A partir de 1745 los ataques aumentaron en intensidad y frecuencia y los comanches venían ahora equipados con armas de fuego que los comerciantes franceses les vendían a cambio de caballos españoles. Taos, Galisteo, Pecos y otros pequeños asentamientos alejados sufrieron repetidos ataques mientras el odio hacia los comanches se iba arraigando más y más entre los españoles y sus aliados indios. Varias expediciones partieron desde Nuevo Méjico a las órdenes de sucesivos gobernadores internándose en la Comanchería para escarmentar a los “bárbaros impíos”, pero la mayoría era incapaces de dar alcance a los comanches en la inmensidad de ese territorio que ellos conocían tan bien. En 1748, el gobernador Codallos, con 500 soldados y algunos auxiliares indios, sorprendió a una gran partida en Abiquiú y mató a 107 comanches, capturando a otros 206. Pensando que con esta victoria había doblegado a los belicosos salvajes, inició negociaciones con ellos y les invitó a asistir anualmente a la feria de Taos. Una junta convocada en Santa Fe por el virrey decidió estimular el comercio con los comanches en dicha población, pensando que así podrían ser convertidos por los misioneros. Los comanches no entendieron del mismo modo la idea y si bien participaron activamente en la feria vendiendo pieles y carne, no dejaron por ello de atacar a los españoles. El resultado fue que en diciembre de 1760 una reducida fuerza militar a las órdenes del gobernador Urrisola  les prohibió el paso a la feria y tras una escalada de tensión se desencadenó un brutal combate que dejó a 400 comanches sobre el terreno. Quedaba claro que negociar con los comanches era inútil.

Las escaramuzas, incursiones y persecuciones se sucedieron hasta el año 1777. A Santa Fe empezaron a llegar informes sobre un líder comanche al que llamaban Cuerno Verde por la cornamenta de búfalo que utilizaba como tocado. Había logrado reunir en torno a si una de partida de leales de considerable número y gozaba de una enorme influencia entre los comanches por su fama de guerrero bravo. Su nombre auténtico era Tabivo Naritgant -Hombre Peligroso- y era hijo de otro jefe también llamado Cuerno Verde al que habían matado los españoles en el ataque comanche a Ojo Caliente en 1768. Odiaba a los españoles y dirigió una serie de ataques que, incluso entre los comanches, llamaban la atención por su audacia y crueldad. Ese año el pequeño pueblo de Tomé fue atacado por los comanches y cuando, tras oír los rumores, el sacerdote de Alburquerque se acercó al pueblo descubrió horrorizado que los indios habían matado hasta al último hombre. Este brutal ataque, el más sangriento de todos los que hay registrados, tuvo una respuesta inmediata por parte de los españoles.

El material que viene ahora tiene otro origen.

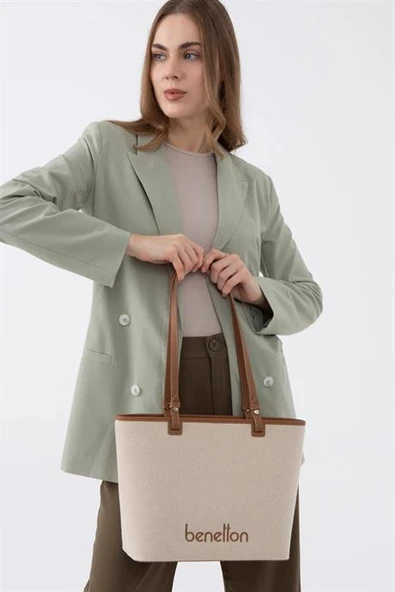 BENETTON CAMEL KADIN KOL ÇANTASI 1542-2Y5 - Resim 2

A las órdenes del veterano militar don Carlos Fernández, un contingente español de tropas presidiales alcanzó una gran partida de comanches a las órdenes de Cuerno Verde cerca de la localidad de Antón Chico y con las primeras luces del día atacó el campamento. El combate se prolongó todo el día y al atardecer don Carlos había hecho cientos de prisioneros y acabado con otros tantos comanches, pero Cuerno Verde y muchos de sus guerreros lograron escapar. El resultado fue desastroso para la nación comanche, pero la reputación de Cuerno Verde entre los suyos no se vio perjudicada, sino todo lo contrario. Había combatido con un valor casi suicida y había plantado cara a los soldados españoles cuando lo normal entre los comanches era evitar la lucha con los militares. El jefe incluso aprovechó la derrota para inflamar a se gente con deseos de venganza y como los comanches eran un pueblo tenaz y altivo pronto se le unieron varias partidas de jóvenes guerreros dispuestos a hacer pagar a los españoles su victoria.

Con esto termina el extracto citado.